Information supplied -
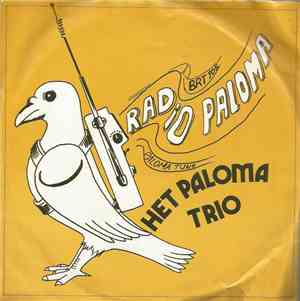 Het Paloma Trio - Radio Paloma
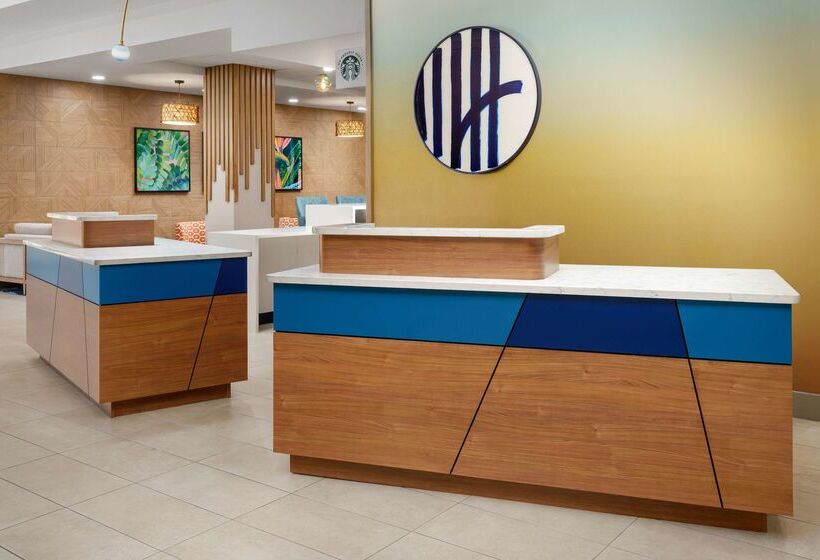 Отель Hyatt Place Orlando / I Drive / Convention Center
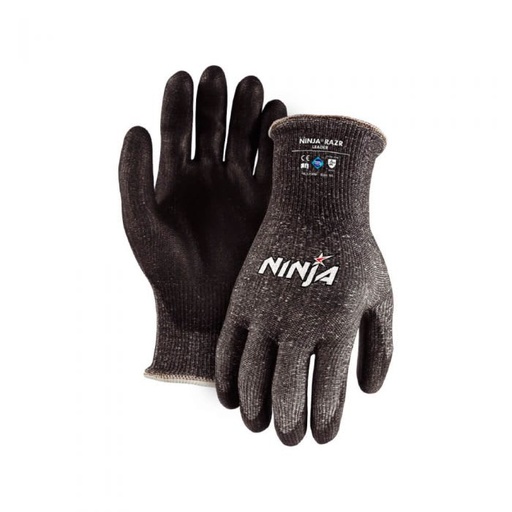 GUANTE NINJA LEADER [SHOWA 541 - 386 / HYFLEX 11-727 / JACKSON G60] (PAR)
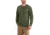 Carhartt Tilden Long Sleeve Crewneck for Mens, Moss, Medium/Regular 102885-316-REG-M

Aim of the exercise - The data above, line by line: transcribe it exactly and drop the pictures.

Solution to this problem -
 Het Paloma Trio - Radio Paloma
 Отель Hyatt Place Orlando / I Drive / Convention Center
 GUANTE NINJA LEADER [SHOWA 541 - 386 / HYFLEX 11-727 / JACKSON G60] (PAR)
 Carhartt Tilden Long Sleeve Crewneck for Mens, Moss, Medium/Regular 102885-316-REG-M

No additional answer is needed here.